Woohoooo  And the magic begins!! 

Congratulations to both of you.


----------



## hotel4dogs (Sep 29, 2008)

congratulations! sounds like you had a lot of fun, too.


----------



## Maxs Mom (Mar 22, 2008)

ROFL 

OMG you are seriously bitten by the bug now. 

I have been waiting for your results email! I forgot which weekend it was. Congratulations. I am SO glad you had fun. Your times sound wonderful. I am glad too you just entered a couple classes, let him get used to it and relax a bit before doing a big weekend. I started with Belle doing one day both jumpers and standard. I hated it, I wanted to keep playing but it worked for Belle. 

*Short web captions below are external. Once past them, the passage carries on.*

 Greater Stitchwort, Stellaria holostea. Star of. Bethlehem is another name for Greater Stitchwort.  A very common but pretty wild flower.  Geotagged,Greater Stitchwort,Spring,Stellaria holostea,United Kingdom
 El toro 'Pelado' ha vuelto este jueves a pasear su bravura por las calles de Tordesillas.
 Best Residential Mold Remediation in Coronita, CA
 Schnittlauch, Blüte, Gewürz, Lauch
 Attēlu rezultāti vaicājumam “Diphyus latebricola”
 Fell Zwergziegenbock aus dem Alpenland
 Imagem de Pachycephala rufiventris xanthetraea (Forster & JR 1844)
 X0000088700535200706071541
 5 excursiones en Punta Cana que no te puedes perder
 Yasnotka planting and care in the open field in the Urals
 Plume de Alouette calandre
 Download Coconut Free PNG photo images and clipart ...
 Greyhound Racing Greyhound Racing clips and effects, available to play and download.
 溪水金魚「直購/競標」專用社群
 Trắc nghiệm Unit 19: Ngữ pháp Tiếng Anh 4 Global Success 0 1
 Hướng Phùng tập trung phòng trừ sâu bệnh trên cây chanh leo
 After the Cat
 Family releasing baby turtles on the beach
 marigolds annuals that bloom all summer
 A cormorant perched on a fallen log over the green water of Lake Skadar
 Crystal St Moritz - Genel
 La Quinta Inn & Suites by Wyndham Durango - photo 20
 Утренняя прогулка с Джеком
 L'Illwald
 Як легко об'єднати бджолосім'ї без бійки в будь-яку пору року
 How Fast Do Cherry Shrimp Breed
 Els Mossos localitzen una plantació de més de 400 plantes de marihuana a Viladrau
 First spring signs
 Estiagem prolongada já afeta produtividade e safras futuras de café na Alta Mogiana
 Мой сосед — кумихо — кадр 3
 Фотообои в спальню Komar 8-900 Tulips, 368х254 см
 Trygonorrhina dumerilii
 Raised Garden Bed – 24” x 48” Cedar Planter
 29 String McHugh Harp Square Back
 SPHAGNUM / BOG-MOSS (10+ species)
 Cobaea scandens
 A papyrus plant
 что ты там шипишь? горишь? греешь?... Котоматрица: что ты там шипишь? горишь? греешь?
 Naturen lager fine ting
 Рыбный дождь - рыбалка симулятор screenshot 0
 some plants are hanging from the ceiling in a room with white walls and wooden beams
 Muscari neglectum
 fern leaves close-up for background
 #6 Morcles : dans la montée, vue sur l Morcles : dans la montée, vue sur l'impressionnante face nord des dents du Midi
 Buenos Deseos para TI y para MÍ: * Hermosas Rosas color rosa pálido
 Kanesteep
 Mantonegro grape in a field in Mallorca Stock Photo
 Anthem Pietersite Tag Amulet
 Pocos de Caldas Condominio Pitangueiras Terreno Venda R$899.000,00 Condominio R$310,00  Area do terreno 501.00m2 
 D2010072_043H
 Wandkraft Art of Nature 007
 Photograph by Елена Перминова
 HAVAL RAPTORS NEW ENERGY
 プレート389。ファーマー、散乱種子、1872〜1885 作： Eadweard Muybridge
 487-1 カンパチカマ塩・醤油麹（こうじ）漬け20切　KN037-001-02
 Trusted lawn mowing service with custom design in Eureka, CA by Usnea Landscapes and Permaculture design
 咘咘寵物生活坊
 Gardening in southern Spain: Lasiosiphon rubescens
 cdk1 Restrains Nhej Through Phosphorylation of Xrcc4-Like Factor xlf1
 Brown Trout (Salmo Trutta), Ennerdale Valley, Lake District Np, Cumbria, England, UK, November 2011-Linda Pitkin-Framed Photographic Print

GO JACKSON.... (when's your next trial )


----------



## Titan1 (Jan 19, 2010)

Congrats again.. sounds like you had a wonderful time.


----------



## jimla (Oct 9, 2008)

Way to go Jackson!


----------



## ataylor (Dec 28, 2008)

Maxs Mom said:


> ROFL
> 
> OMG you are seriously bitten by the bug now.
> 
> ...


Jackson's next trial is in March.


----------



## GoldenSail (Dec 30, 2008)

congrats! Agility is fun I miss doing it.


----------



## Duke's Momma (Mar 1, 2007)

I don't know what the heck any of that means "yet" but it sounds very impressive!

Way to go, you two.


----------



## sammydog (Aug 23, 2008)

ataylor said:


> This past weekend, Jackson and I were at our very first AKC Agility trial. We both had a blast  I entered Jackson in Novice A JWW 24" on Saturday and Sunday. On Saturday, Jackson NQ'ed (knocked a bar down) with the time of 00:25:77. On Sunday, Jackson got his very first AKC Agility leg! His score was 90 with the time of 00:30:97 and a 1st place! I am so proud of Jackson. He only has 8 titles, 37 legs, 20 Double Q's, and 750 points until his MACH! (I think I calculated that right) lol


:roflmao::roflmao::roflmao:

You crack me up! Sounds like a wonderful start!!! Actually its identical to mine! I entered Sammy in his first agility trial, only JWW both days in the 24" class. On the first day he was great but knocked one bar. On that Sunday he got his first leg with a 1st place! I was so proud. You will never forget that moment! Looking forward to following you and Jackson throughout your agility adventures!


----------



## Bogey's Mom (Dec 23, 2008)

This is so awesome!!!!!! Congratulations to you and Jackson!!!


----------



## ataylor (Dec 28, 2008)




----------



## AmberSunrise (Apr 1, 2009)

Nicely done  Congratulations.


----------